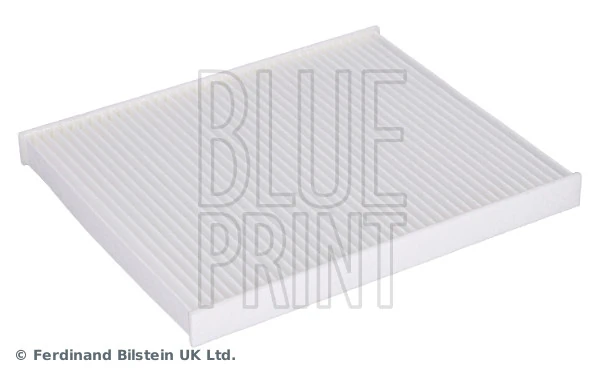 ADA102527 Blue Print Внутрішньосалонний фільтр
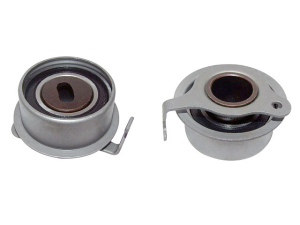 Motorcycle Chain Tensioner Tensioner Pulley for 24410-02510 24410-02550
=====
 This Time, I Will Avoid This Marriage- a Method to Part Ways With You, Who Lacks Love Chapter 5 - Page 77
=====
Exercise requirements: The answer is the lines above from the one with "ADA102527 Blue Print" to the one with "Motorcycle Chain Tensioner", set down exactly, with no pictures.

Reply to the exercise:
 ADA102527 Blue Print Внутрішньосалонний фільтр
 Motorcycle Chain Tensioner Tensioner Pulley for 24410-02510 24410-02550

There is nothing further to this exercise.